Rocket Kid’s school invited parents to observe their child’s classroom for half an hour prior to upcoming parent conferences.
No interaction with the students, except to accept a glass of water from the gracious class host, and a quick hi/bye with my boy.
I saw so many amazing things—kids helping each other, kids on task when no one was watching, a kid explaining to the teacher’s assistant, “This is where I messed up and this is how I fixed it,” with regards to the math problem he was working on, kids working then talking for a moment then back to working, a kid using their class signal for “the room is too loud.”
Truly, I love well-run Montessori classrooms.
What I also saw was a boy making nasty, unprompted (in the moment) comments to another boy walking by, and continuing to needle him.
Boys have been given a pass when it comes to being mean. Girls are mean. Girls are cruel. Boys just throw punches and then are fine.
But do they? And are they?
Of course not.
I knew this already. I taught for two decades, primarily in upper elementary school but at least a semester in everything from pre-K to community college.

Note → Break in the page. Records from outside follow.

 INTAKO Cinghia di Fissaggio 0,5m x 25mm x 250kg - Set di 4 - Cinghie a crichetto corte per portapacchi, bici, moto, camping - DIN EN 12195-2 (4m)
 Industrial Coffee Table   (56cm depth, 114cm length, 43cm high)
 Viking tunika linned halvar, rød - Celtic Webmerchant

The boys are just as mean as the girls.
Where did the boy pass come from?
This phenomenon isn’t limited to verbal assaults. There are several qualities or habits attributed to women (often as an insult) that I don’t have but my husband does.
Also, they’re not necessarily insults—we weaponize them.
Does it all boil down to control?
Why do we have so many things that apply to people in general but we only see them in one gender or the other?
(Also applicable to other ways we divide and suppress people: children/adults, various races, sexuality, political preferences, and on and on.)